= Beginning of Section =

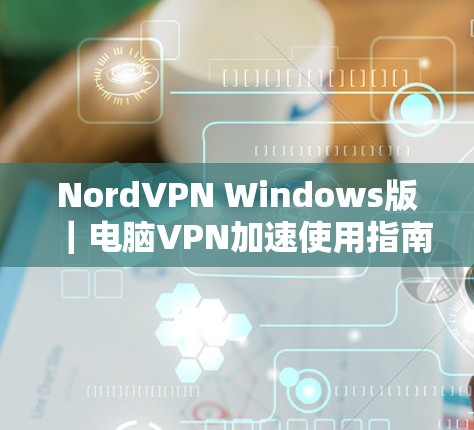 NordVPN Windows版｜电脑VPN加速使用指南
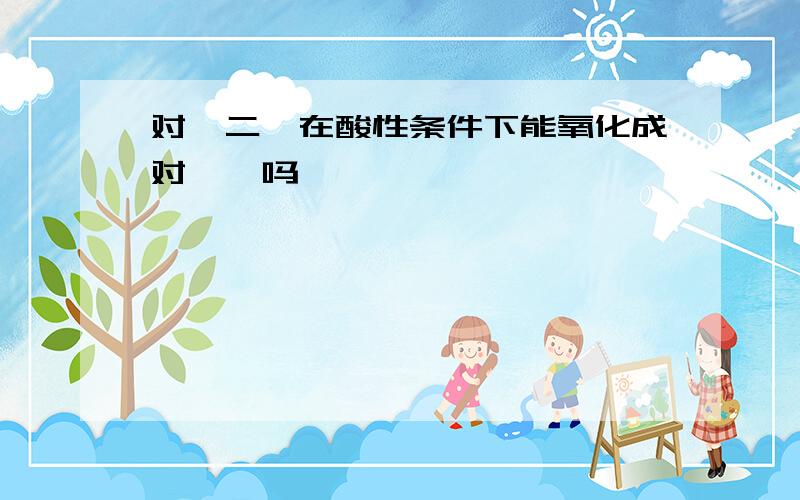 对苯二酚在酸性条件下能氧化成对苯醌吗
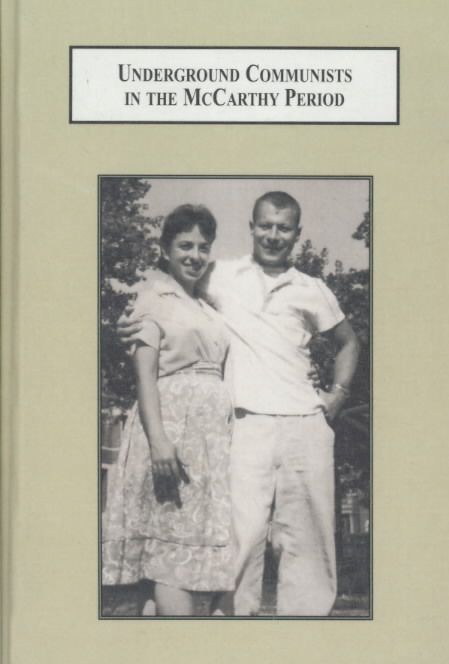 Produktbild: Underground Communists in the Mccarthy Period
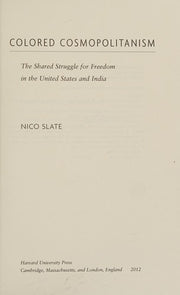 Colored Cosmopolitanism – The Shared Struggle for Freedom in the United States and India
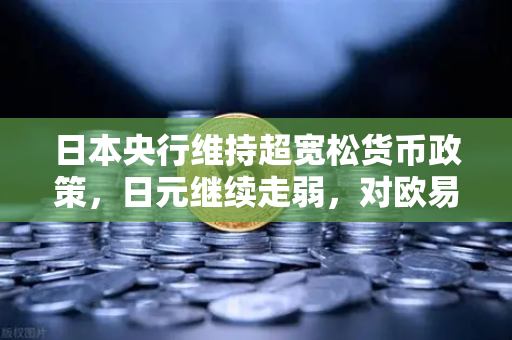 日本央行维持超宽松货币政策，日元继续走弱，对欧易交易所官网交易者的启示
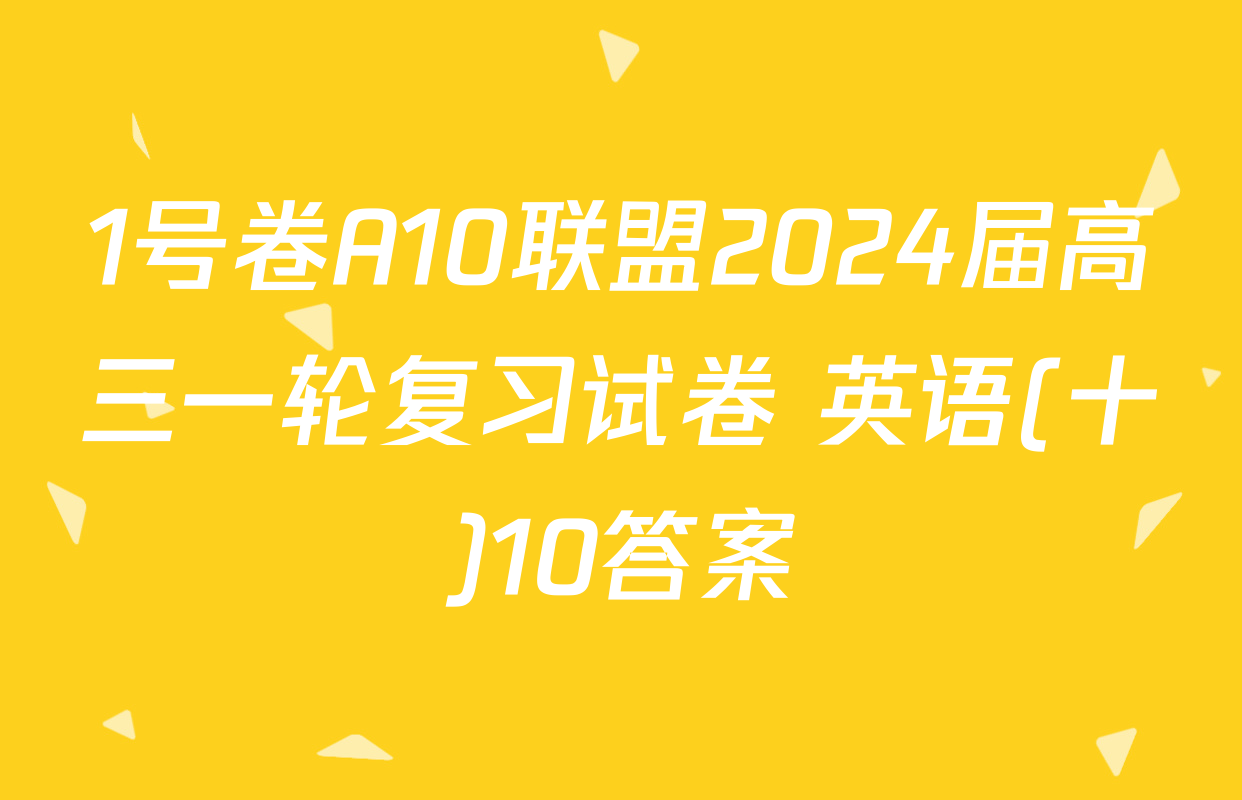 1号卷A10联盟2024届高三一轮复习试卷 英语(十)10答案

= End of Section =

> **EXERCISE OBJECTIVE**
Render all entries verbatim, excluding any pictures they hold.

> **SOLUTION TO THIS TASK**
 NordVPN Windows版｜电脑VPN加速使用指南
 对苯二酚在酸性条件下能氧化成对苯醌吗
 Produktbild: Underground Communists in the Mccarthy Period
 Colored Cosmopolitanism – The Shared Struggle for Freedom in the United States and India
 日本央行维持超宽松货币政策，日元继续走弱，对欧易交易所官网交易者的启示
 1号卷A10联盟2024届高三一轮复习试卷 英语(十)10答案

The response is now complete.